The Sensex and Nifty ended slightly lower on Tuesday as investors saw recent strong gains as overdone, though the sentiment was broadly supported by hopes Parliament will soon pass a revamped Goods and Services Tax Bill.
The GST Bill, which has been listed for discussion by the Upper House of Parliament on Wednesday, would be the most far-reaching tax reform in India.
Domestic sentiment was boosted after India's weather office had said on Monday it expected June-September monsoon rains to be 106 per cent of a long-period average.
The NSE Bank Index eased 0.2 per cent, falling for a third consecutive session. The sub-index had surged 36 per cent from March to July.
ICICI Bank fell 1.7 per cent, extending declines to a second session after posting disappointing earnings on Friday.
Barring FMCG and IT, all other BSE sectoral indices ended lower. Among them, metal index fell the most by 1.78 per cent, realty 1.18 per cent, infrastructure 0.87 per cent and power 0.84 per cent, while FMCG index was up 1.68 per cent and IT 0.06 per cent.

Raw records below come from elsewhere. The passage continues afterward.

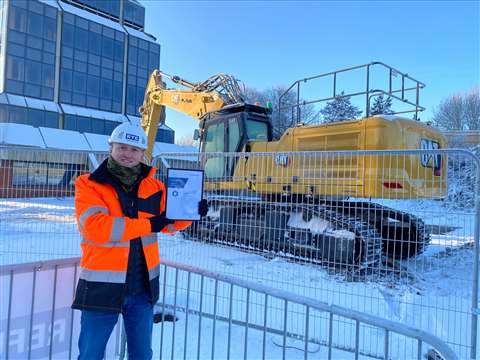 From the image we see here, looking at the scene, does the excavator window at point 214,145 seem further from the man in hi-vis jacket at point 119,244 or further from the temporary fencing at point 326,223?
the man in hi-vis jacket at point 119,244

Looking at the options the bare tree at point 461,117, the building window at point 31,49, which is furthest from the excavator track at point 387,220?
the building window at point 31,49

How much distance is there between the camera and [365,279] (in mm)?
6184

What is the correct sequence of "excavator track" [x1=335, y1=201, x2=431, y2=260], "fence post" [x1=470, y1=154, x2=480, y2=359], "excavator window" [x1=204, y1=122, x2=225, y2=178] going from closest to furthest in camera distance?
"fence post" [x1=470, y1=154, x2=480, y2=359]
"excavator track" [x1=335, y1=201, x2=431, y2=260]
"excavator window" [x1=204, y1=122, x2=225, y2=178]

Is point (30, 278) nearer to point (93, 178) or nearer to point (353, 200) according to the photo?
point (93, 178)

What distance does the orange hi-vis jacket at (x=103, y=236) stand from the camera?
2410 millimetres

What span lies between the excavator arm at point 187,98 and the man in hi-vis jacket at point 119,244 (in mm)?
6634

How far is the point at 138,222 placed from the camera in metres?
2.50

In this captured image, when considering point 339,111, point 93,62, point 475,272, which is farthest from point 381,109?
point 93,62

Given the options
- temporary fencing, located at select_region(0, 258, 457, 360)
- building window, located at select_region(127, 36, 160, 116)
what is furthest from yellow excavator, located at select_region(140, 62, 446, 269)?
building window, located at select_region(127, 36, 160, 116)

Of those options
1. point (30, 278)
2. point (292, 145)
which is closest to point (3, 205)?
point (30, 278)

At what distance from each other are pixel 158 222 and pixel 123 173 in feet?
1.33

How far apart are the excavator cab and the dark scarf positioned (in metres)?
5.48

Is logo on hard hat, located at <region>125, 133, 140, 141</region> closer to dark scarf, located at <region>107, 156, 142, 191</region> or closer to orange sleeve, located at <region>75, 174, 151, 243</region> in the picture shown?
dark scarf, located at <region>107, 156, 142, 191</region>

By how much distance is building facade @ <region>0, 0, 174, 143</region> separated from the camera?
27.8 meters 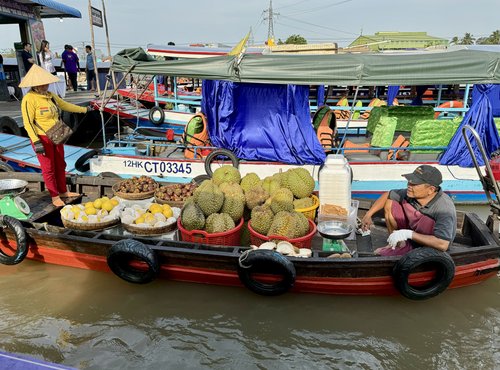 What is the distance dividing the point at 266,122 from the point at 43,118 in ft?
11.5

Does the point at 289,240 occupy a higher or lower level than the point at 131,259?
higher

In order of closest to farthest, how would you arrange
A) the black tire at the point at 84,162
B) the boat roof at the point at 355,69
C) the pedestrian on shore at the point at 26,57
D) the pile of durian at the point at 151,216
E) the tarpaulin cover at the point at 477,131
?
the pile of durian at the point at 151,216 < the boat roof at the point at 355,69 < the tarpaulin cover at the point at 477,131 < the black tire at the point at 84,162 < the pedestrian on shore at the point at 26,57

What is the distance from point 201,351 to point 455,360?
2.44m

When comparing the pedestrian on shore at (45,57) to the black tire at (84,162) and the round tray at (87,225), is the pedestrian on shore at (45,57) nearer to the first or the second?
the black tire at (84,162)

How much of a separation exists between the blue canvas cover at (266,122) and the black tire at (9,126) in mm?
6154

Top five Sensex gainers were ITC (+3.73%), Maruti (+2.49%), Hero MotoCorp (+1.26%), ONGC (+1.01%) and Power Grid (+0.79%), while the major losers were Tata Motors (-2.8%), HDFC (-2.37%), Adani Ports (-1.62%), Bharti Airtel (-1.54%) and ICICI Bank (-1.54%).
GST Bill
Analysts however said the GST Bill's enactment was unlikely to spur any major rally given indexes were seen already reflecting a positive outcome.
The NSE index hit its highest since April 2015 on Monday.
“A rally in the short-term might not sustain for too long," said Neeraj Dewan, director at Quantum Securities.
“We can also expect some amount of profit-booking happening as the Bill progresses.”
Global markets
European shares hit a two-week low on Tuesday following poor results from some firms, including Metro and chipmaker Infineon, and another day of weak performance for the banking sector.
The STOXX 600 fell 0.8 per cent, its lowest level since July 19.